[Records excerpted from a collection]
┌──

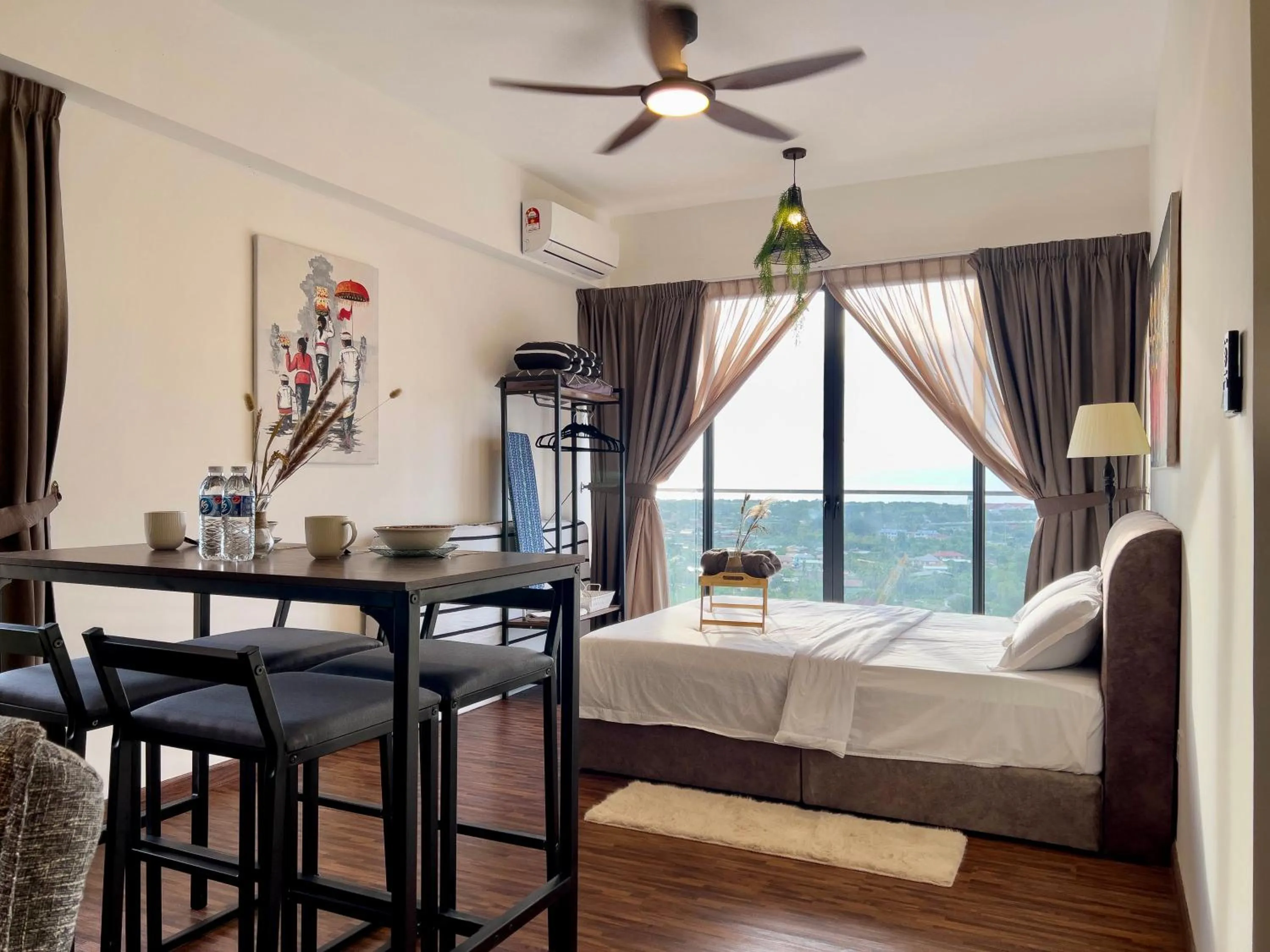 Bed in Hush Inn at K Avenue Kota Kinabalu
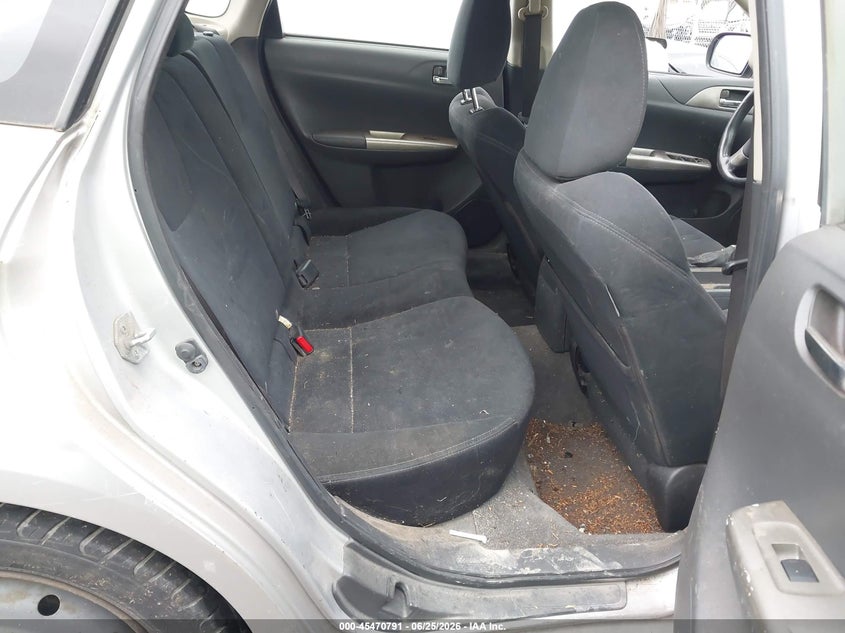 2008 Subaru Impreza VIN JF1GH61688G809171 IAAI salvage auction — FRONT END, Salvage (Ohio), sold $25 on 2026-07-16 (photo 8)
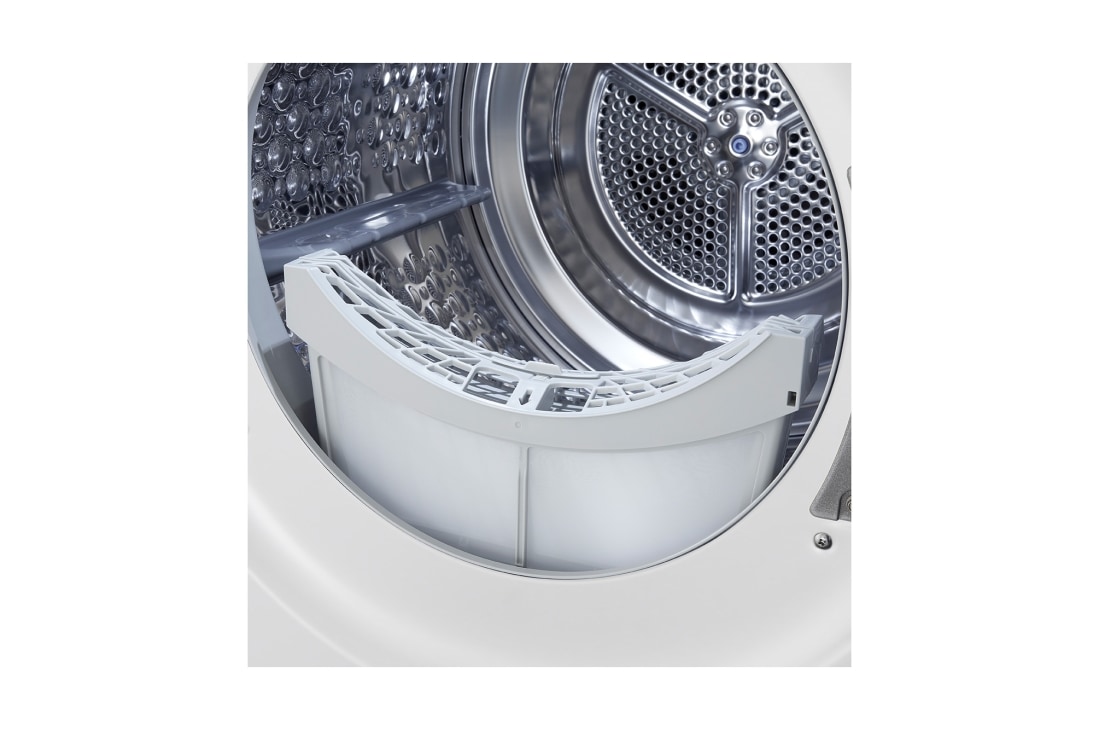 LG 10 kg Tørketrommel (Essence White) - Energiklasse C, LCD-panel, DUAL Inverter Heat Pump™ og Smart Diagnosis™ med Wi-Fi, 10 kg Tørketrommel (Essence White) - Energiklasse C, LCD-panel, DUAL Inverter Heat Pump™ og Smart Diagnosis™ med Wi-Fi, RHX7010TWB, thumbnail 14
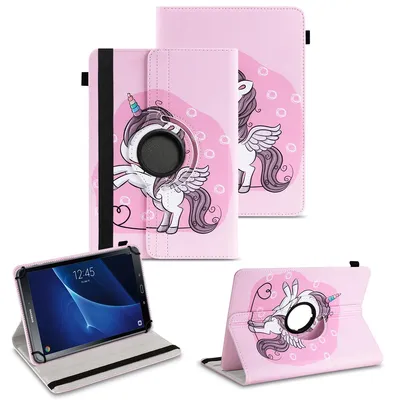Produktbild von Tablet Hülle für Samsung Galaxy Tab A6 10.1 2016 360° Drehbar Case Cover SchutzFarben:Motiv 16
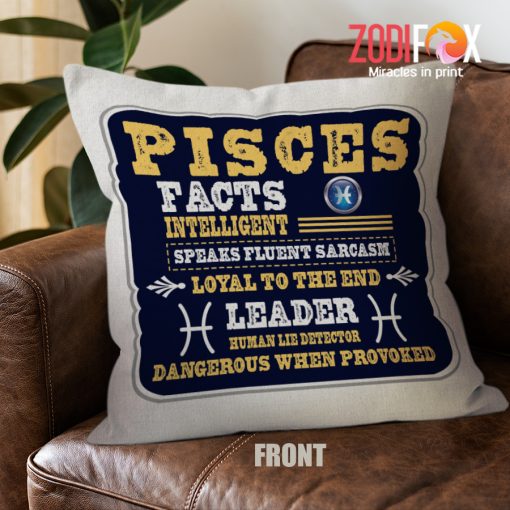 best Pisces Leader Throw Pillow birthday zodiac gifts for astrology lovers – PISCES-PL0005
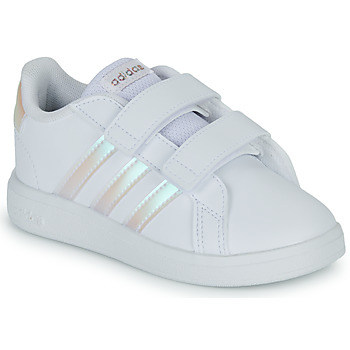 Schoenen Meisjes Lage sneakers Adidas Sportswear GRAND COURT 2.0 CF Wit / Roze / Pale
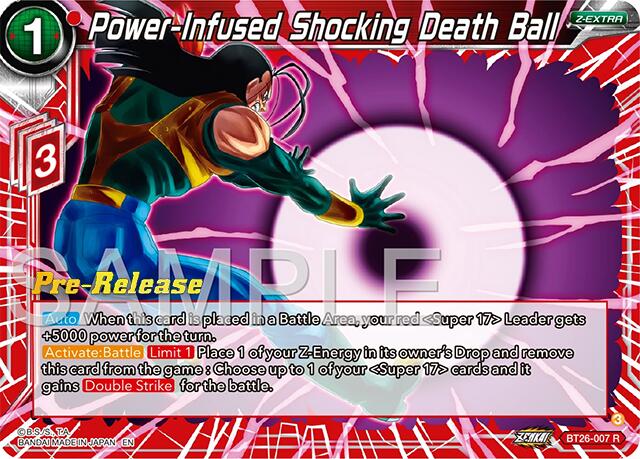 Power-Infused Shocking Death Ball (BT26-007) [Ultimate Advent Prerelease Promos]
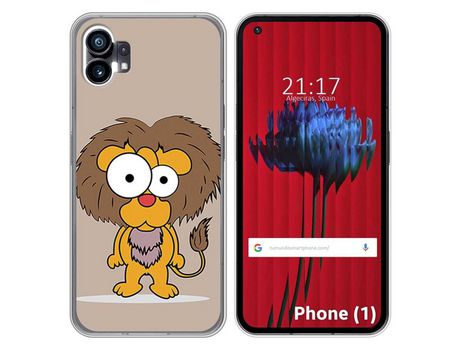 Funda Silicona para Nothing Phone 1 diseño Leon Dibujos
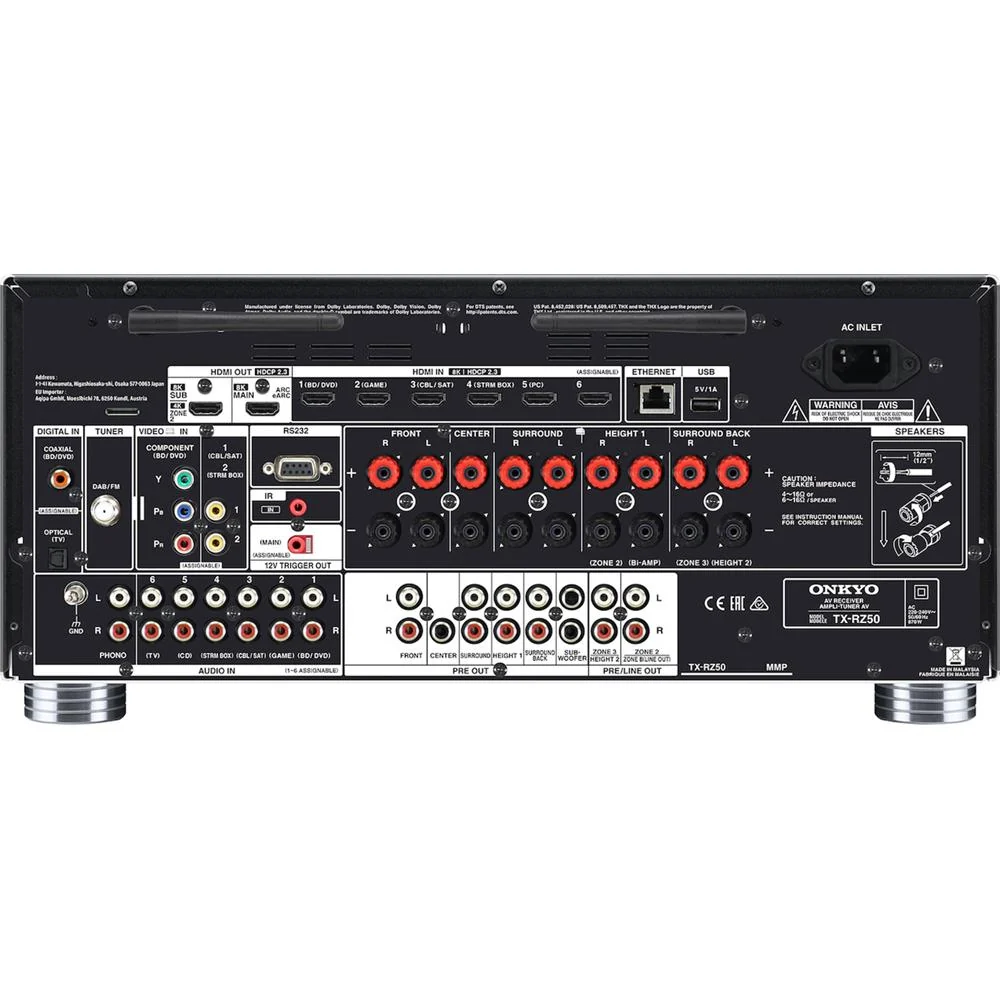 Onkyo TX-RZ50 9.2-Channel THX Certified AV Receiver - Open Box - Image 4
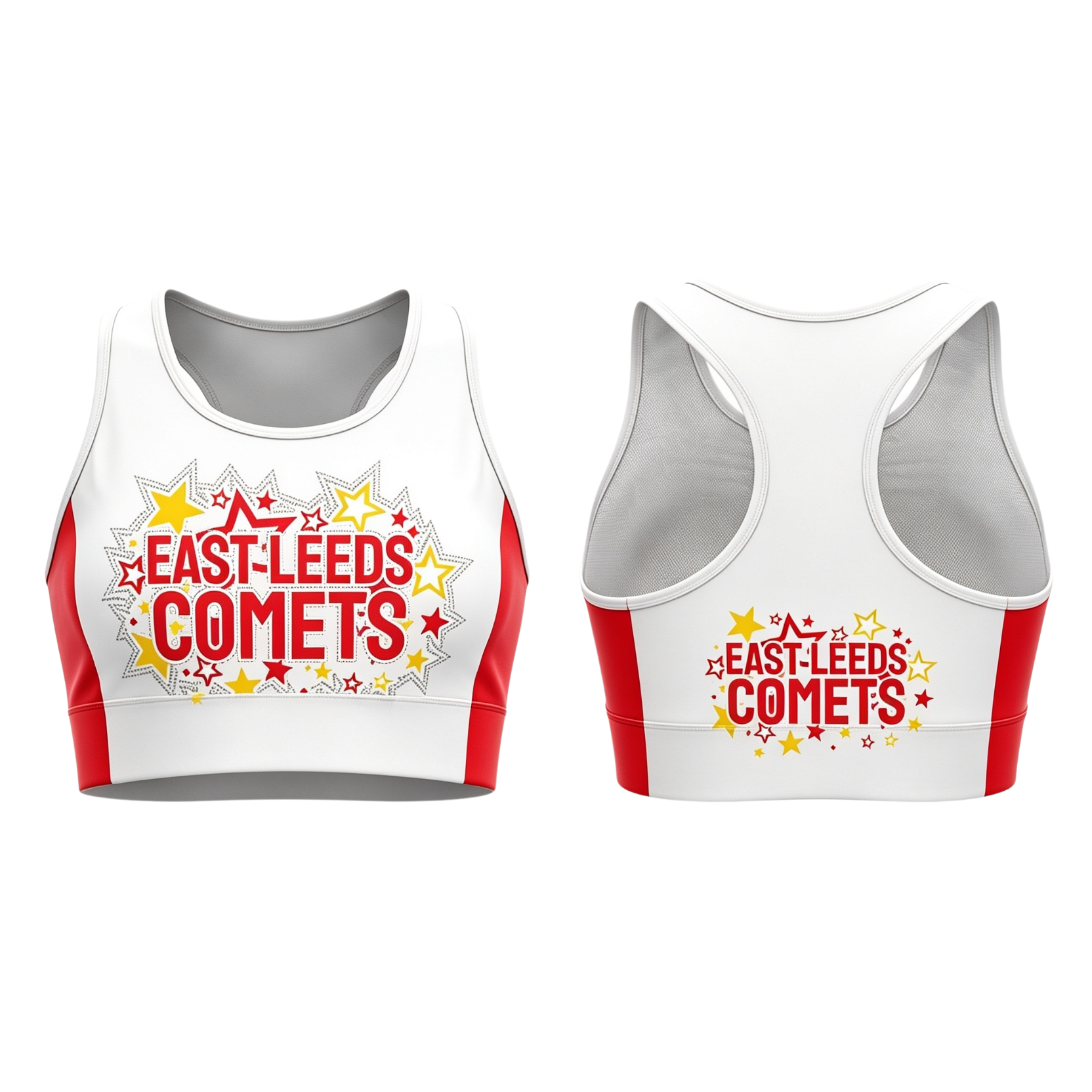 East Leeds Comets Sublimated Lycra Crop Top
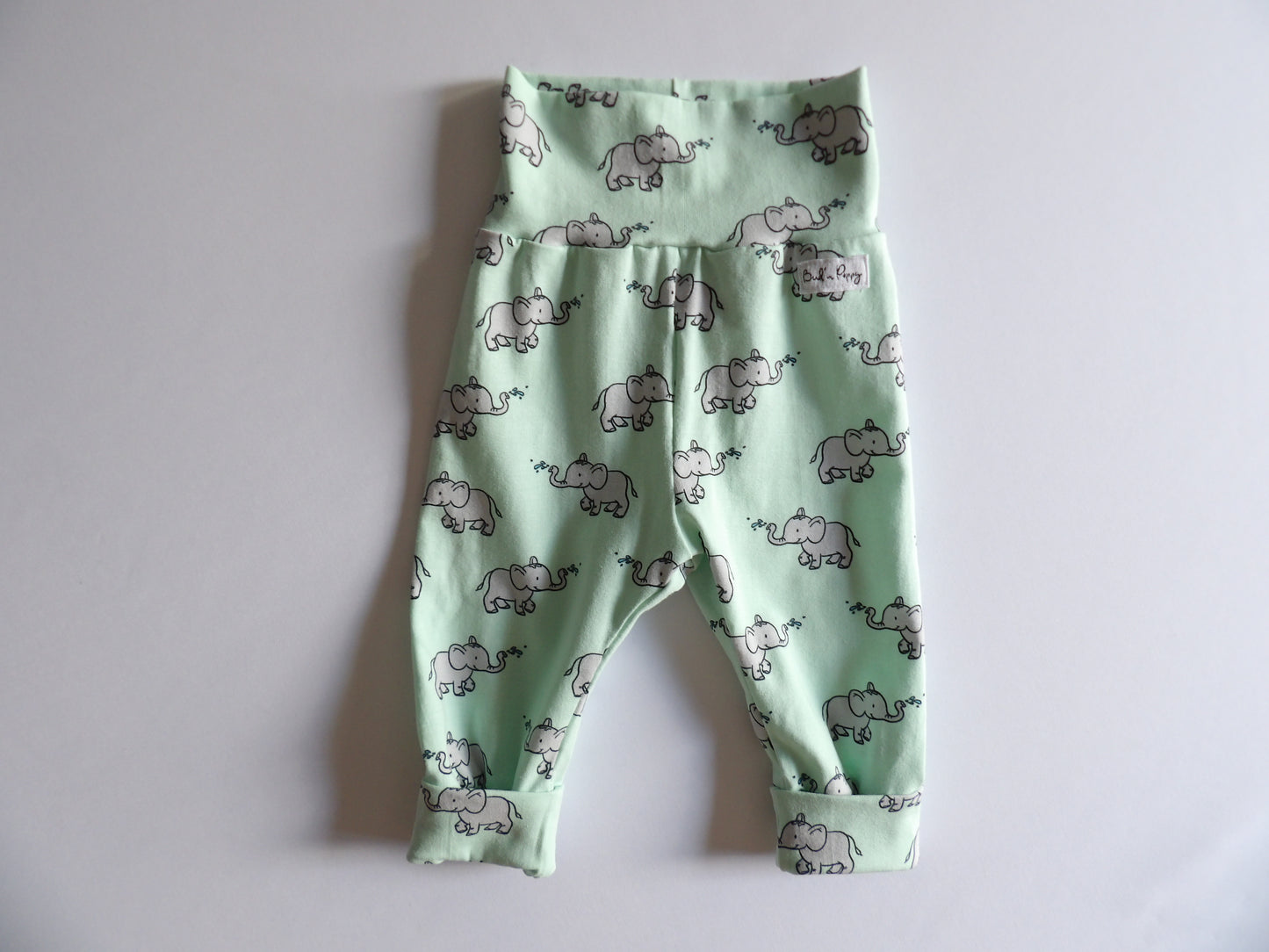 Storlek 56, Elephant Breeze - Handgjort babyset, OEKO-TEX®-certifierade tyger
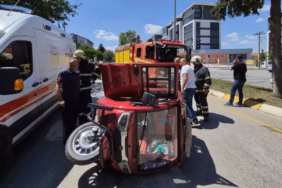 Isparta Gölcük Yolunda Korkutan Kaza: Elektrikli Motosiklet Yolcusu Yaralandı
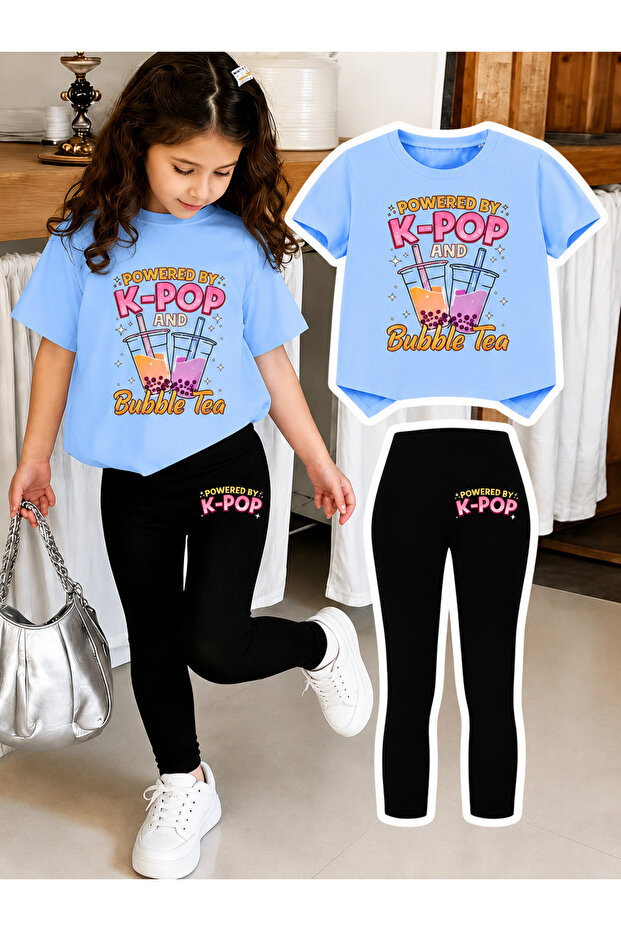 Kids Leggings and T-Shirt Set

└──

■ Your objective: Retype exactly the lines from the line containing "Isparta Gölcük Yolunda" through the end of the entries above, including both ends, and leave every picture out.

■ Solution for this exercise:
 Isparta Gölcük Yolunda Korkutan Kaza: Elektrikli Motosiklet Yolcusu Yaralandı
 Kids Leggings and T-Shirt Set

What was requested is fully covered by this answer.